The thing about forks is not just that they're these conceptually heavyweight things that feel wrong. There's actually measurable friction involved with using them; the fork-and-PR workflow is heavyweight. "Doing things the github way takes forever", Gijs writes. When comparing it to patch submission: "[doing a patch] is a 3 step process: write code, do a diff, upload the result."

With forks, there's also a weird thing that happens. Go fork a project and then browse the repo on the Web as if you're someone else. I.e., you're unfamiliar with both whoever you are and with the project itself. Take a look at its README. If the original author wasn't careful, it now reads as if it's your project and a casual observer might mistake it for the canonical repo. This is a minor detail, but it weirds me out. I go through some effort to make sure I change the project's description to make it clear that it's just a fork of the proper project. "But wait", you might say. "If you fork a project, GitHub says that it's a fork and even links to the original project." Yeah, that's right. If you fork from within the GitHub UI. If you just create a new project on GitHub and add it as a new remote and push to it, you don't get such a warning. "So just use the GitHub UI to fork it, then." Nope. That's not possible if the original project isn't hosted on GitHub. If the original project's Git instance is self-hosted, creating a new project on GitHub and pushing to it is the only way to do it if you want your fork hosted there, and GitHub doesn't show anything in the UI to indicate that. In fact, it doesn't even show the forked-from UI if you use this workflow and the original project is hosted on GitHub. It just doesn't do that sort of detection.

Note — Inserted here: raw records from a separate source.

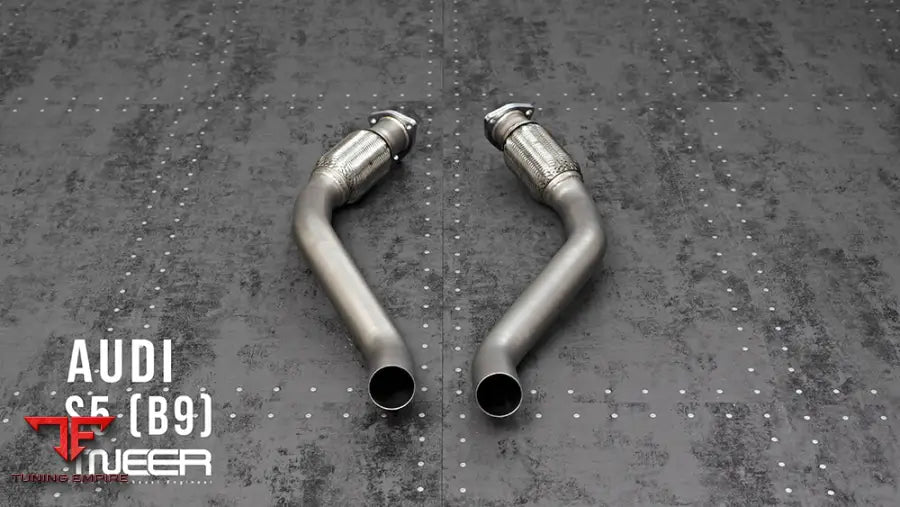 TNEER AUDI S5 B9 EXHAUST SYSTEM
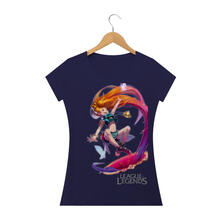 Carregar imagem no visualizador da galeria, Camiseta Zoe League of Legends (long) - WGs Geek
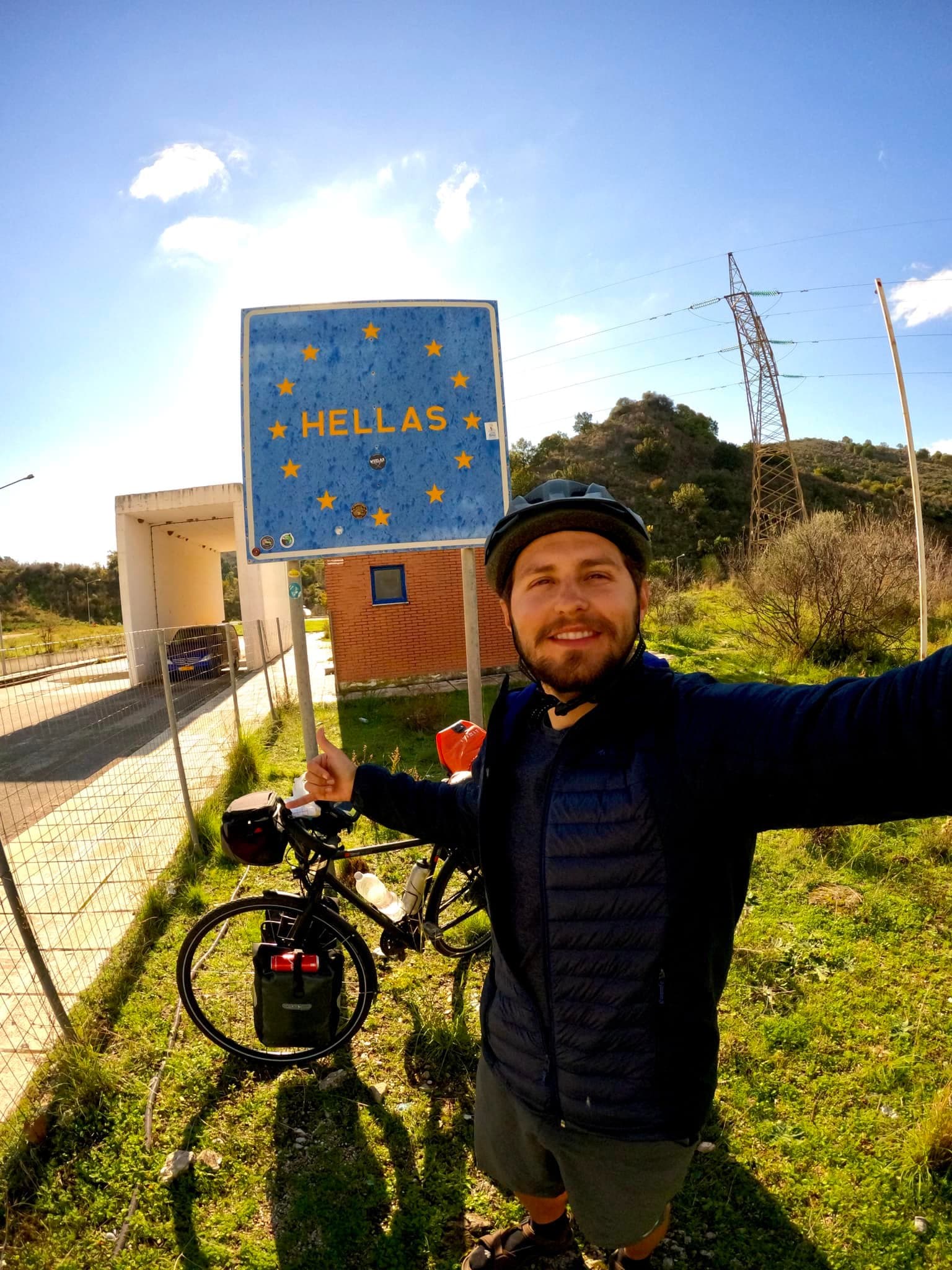Tour du monde à vélo : une balade sous le soleil grec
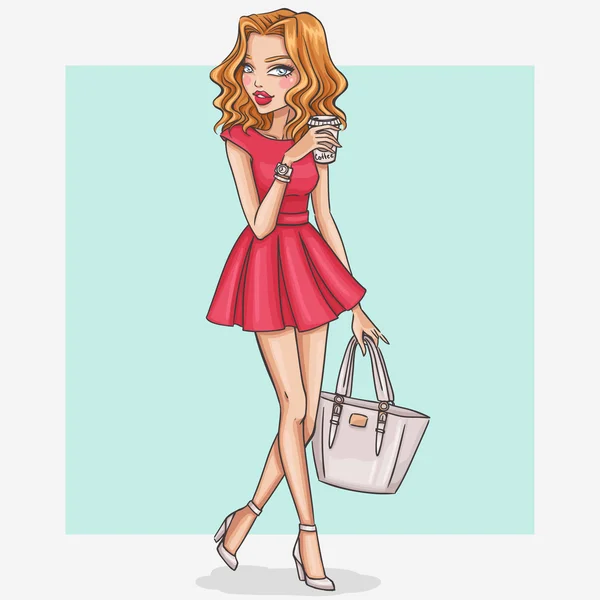 güzel elbiseli kız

In addition to manually changing the description to reflect that it is, in fact a temporal "fork", I also make sure to only keep my fork around as long as it takes to integrate my changes. I'm aggressive with pruning forks, which is something that seems to be rare elsewhere on GitHub. The result is similar to before: you click on someone's profile and listed in their repositories are all of these non-forks that were only ever created because they wanted to contribute a patch once, or maybe every now and then. "Every now and then" may have something to do with their keeping the fork around. See, if you go fix something and the pull request gets accepted, and then you prune the fork like I do, if two weeks or two months later you want to fix something else, then you've got to go recreate that project again before submitting another pull request. So it's not even as if the "leave the fork around" mentality can be attributed to unforgivable laziness. It's that the whole forking workflow is working against you to do otherwise.

I've pretty much blown way more of my time on blogging than I originally allotted for this, and I didn't even get to the part about how Git logs are totally unreliable. (Example: I once made a trivial change to this file. See if it can be found in the file's change history. Spoiler alert: it can't.) I'm also getting a little bummed about how negative I'm coming off here, although I suppose that's just the nature, given the topic I set out to tackle upfront.

So I'll stop now and leave you with a rundown of how I currently operate these days: I first reach for Mercurial, especially for clean-slate repos that are never going to be seen by other eyes, since I don't have to worry about how potential contributors may be uncomfortable with something that isn't Git. When I do use Git, it's always as a result of an existing project that has chosen Git for its revision control, but I still opt to refrain from hosting on GitHub, and the only time I use its features is when the original project is hosted there. My Git remotes point to GitLab, because yay for heterogeneity. The free private repos and the fact that GitLab has a (FOSS) "Community Edition" both go a long way towards helping inform that decision.